---- DATA LISTING
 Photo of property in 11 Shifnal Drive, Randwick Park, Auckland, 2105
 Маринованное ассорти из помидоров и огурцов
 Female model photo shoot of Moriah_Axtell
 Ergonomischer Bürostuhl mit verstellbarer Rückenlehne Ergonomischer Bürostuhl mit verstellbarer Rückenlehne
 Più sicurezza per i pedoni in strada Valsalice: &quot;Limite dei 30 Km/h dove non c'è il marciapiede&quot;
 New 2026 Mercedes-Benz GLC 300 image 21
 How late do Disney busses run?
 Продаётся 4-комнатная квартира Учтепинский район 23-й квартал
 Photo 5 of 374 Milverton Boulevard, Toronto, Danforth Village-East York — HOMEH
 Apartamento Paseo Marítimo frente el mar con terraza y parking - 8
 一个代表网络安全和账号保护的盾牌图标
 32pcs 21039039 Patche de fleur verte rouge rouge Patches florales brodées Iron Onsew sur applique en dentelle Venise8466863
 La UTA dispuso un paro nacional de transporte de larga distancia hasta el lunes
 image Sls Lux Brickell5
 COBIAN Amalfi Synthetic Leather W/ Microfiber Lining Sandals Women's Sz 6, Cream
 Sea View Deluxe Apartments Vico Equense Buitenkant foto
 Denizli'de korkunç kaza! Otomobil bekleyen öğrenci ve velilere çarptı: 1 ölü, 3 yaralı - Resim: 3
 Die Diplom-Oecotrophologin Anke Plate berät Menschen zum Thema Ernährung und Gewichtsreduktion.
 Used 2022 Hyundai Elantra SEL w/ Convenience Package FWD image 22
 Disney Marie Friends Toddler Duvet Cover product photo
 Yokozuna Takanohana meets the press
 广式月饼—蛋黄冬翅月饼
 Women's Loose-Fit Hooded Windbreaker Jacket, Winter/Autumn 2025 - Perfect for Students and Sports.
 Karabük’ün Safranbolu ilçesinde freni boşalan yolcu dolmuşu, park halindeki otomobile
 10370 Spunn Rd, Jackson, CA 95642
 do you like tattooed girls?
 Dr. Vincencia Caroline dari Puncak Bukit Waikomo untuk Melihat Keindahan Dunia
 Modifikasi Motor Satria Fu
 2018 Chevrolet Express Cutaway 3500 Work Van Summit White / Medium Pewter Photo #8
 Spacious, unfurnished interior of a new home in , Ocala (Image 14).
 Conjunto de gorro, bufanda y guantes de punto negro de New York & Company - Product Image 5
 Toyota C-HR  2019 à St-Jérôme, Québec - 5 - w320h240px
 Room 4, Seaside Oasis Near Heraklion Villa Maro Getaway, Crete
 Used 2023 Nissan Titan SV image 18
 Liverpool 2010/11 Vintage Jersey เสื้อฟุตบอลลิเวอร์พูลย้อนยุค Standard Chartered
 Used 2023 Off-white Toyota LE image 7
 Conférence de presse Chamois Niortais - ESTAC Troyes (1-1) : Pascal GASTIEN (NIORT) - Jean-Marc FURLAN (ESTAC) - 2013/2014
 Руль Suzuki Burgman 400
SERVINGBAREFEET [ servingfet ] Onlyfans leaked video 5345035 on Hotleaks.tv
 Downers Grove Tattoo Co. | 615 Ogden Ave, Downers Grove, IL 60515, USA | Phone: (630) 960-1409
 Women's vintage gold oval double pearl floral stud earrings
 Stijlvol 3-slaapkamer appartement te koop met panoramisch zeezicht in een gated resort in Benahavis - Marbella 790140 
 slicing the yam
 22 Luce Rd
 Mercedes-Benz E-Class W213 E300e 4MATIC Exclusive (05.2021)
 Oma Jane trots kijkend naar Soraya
--------
* EXERCISE GOAL *
Every line from the first entry to the line containing "Denizli'de korkunç kaza!" should be transcribed exactly, and nothing beyond it.

* SOLUTION TO THIS TASK *
 Photo of property in 11 Shifnal Drive, Randwick Park, Auckland, 2105
 Маринованное ассорти из помидоров и огурцов
 Female model photo shoot of Moriah_Axtell
 Ergonomischer Bürostuhl mit verstellbarer Rückenlehne Ergonomischer Bürostuhl mit verstellbarer Rückenlehne
 Più sicurezza per i pedoni in strada Valsalice: &quot;Limite dei 30 Km/h dove non c'è il marciapiede&quot;
 New 2026 Mercedes-Benz GLC 300 image 21
 How late do Disney busses run?
 Продаётся 4-комнатная квартира Учтепинский район 23-й квартал
 Photo 5 of 374 Milverton Boulevard, Toronto, Danforth Village-East York — HOMEH
 Apartamento Paseo Marítimo frente el mar con terraza y parking - 8
 一个代表网络安全和账号保护的盾牌图标
 32pcs 21039039 Patche de fleur verte rouge rouge Patches florales brodées Iron Onsew sur applique en dentelle Venise8466863
 La UTA dispuso un paro nacional de transporte de larga distancia hasta el lunes
 image Sls Lux Brickell5
 COBIAN Amalfi Synthetic Leather W/ Microfiber Lining Sandals Women's Sz 6, Cream
 Sea View Deluxe Apartments Vico Equense Buitenkant foto
 Denizli'de korkunç kaza! Otomobil bekleyen öğrenci ve velilere çarptı: 1 ölü, 3 yaralı - Resim: 3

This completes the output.